Summit brings new solutions for landlords
Annual event dispels myths about housing subsidies; offers tips to solve issues between landlords and tenants
KAHULUI — Open communication, operating in good faith and thorough lease agreements are among the keys that open the door for better landlord-tenant relationships in Maui County, a panel of legal experts said Wednesday.
Lawyers Loren Tilley, Benjamin Pittenger, Joshua James and Jason Economou discussed landlord and tenant rights and answered various questions at the fourth annual Maui Landlord Summit at Maui Beach Hotel on Wednesday in Kahului.
“Enter your agreement in good faith, get the agreement in writing, and then take good communications with your tenants,” said Pittenger, Maui attorney with the Legal Aid Society of Hawaii. “Work with them so they stay a long time so you’re not losing rent in transition, and it will be a good relationship for both of you.”
The free annual event, sponsored by the Realtors Association of Maui in partnership with the County of Maui and the Maui Homeless Alliance, is designed to empower current and prospective landlords, as well as property managers, so they can help address the critical need for housing on Maui. This year, nearly 200 people attended, organizers said, the largest in event history.
Safe and affordable housing presents unique challenges for the county’s low-income or homeless individuals and families. Jamilla Prentice, a panelist who talked about her experience receiving social services, said communication can help dispel myths about housing assistance programs and the people who use them.
“Communication, that word has come up so much today,” she said. “When you communicate . . . you’re able to look past the label of HUD rental, which scares so many people, I’m not sure why. If you sit down and have a conversation with someone, you can see the whole picture and not just the stereotype.”
The U.S. Department of Housing and Urban Development (HUD) housing units are federally owned for lower-income families, and the Housing Choice Voucher / Section 8 lower-income housing program provides tenants with vouchers to rent private residences approved by local housing authorities.
Panelist and property manager Jessmine Kim, RAM’s 2018 “Housing Hero,” encouraged local landlords to step out of their comfort zones when it comes to renters with housing subsidies.
“I would like to tell other landlords to take a chance — that’s what I did with the first tenant that had third-party assistance,” she said during the summit. “It was a great experience. You have so many great programs out there that are helping tenants get back on their feet.”
RAM’s “Housing Hero,” which is now called “Landlord of the Year,” recognizes a landlord or property manager who actively works with social service agencies to find rentals for individuals and families who are homeless or at risk of becoming homeless. This year’s recipient was Leila Chin of Yoshida Realty Group, who was nominated by Ka Hale A Ke Ola Homeless Resource Centers.

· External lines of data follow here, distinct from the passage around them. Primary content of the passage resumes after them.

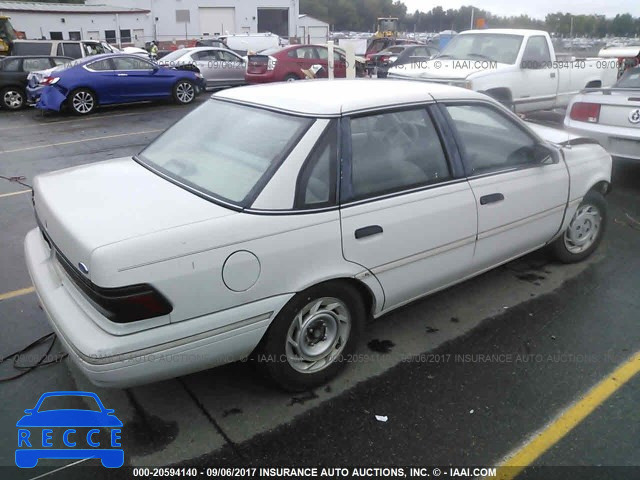 1992 FORD TEMPO 2FAPP36X5NB131145 image 3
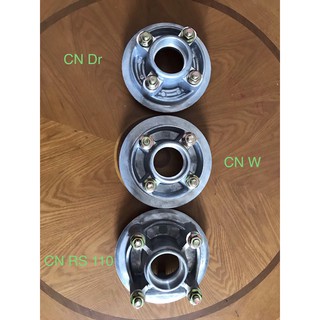 CÙI ĐĨA SÊN-XÍCH CÁC DÒNG XE HONDA DREAM ,WAVE, RSX, FUTURE, BLADE,WIN, CUP, 81,82, DD,DH...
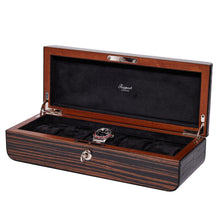 Rapport London Watch Box 500 - 1000 Mayfair Five Watch Box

For landlords looking to rent and tenants seeking financial aid, a wealth of community programs exist. Organizations like Ka Hale A Ke Ola Homeless Resource Centers, Maui Economic Opportunity Inc., Catholic Charities of Hawaii and the Family Life Center offer security deposit and rental assistance. Legal Aid Services of Hawaii, the state’s oldest and largest nonprofit public interest law firm, provides help with landlord/tenant issues, evictions, repairs, illegal lockouts and utility shutoffs and security deposits, among other areas. Meanwhile, Mental Health Kokua operates a 24-hour support hotline.
Other groups that provided information at the 2019 summit included Asian Real Estate Association of America Aloha Chapter, U.S. Department of Veterans Affairs and Women Helping Women.
Maui County Mayor Michael Victorino said during the summit that the administration is looking into options “never done before” to alleviate the affordable housing crisis, such as working to provide tax credits for homeowners offering Section 8 rentals.
“I don’t need anybody to call for action — action needs to be now,” he said. “I am tired of waiting. I am going to do whatever possible with the help of the County Council and our agencies, Department of Housing and Human Concerns, state agencies. We need to work together.
“We don’t need glory, we need housing.”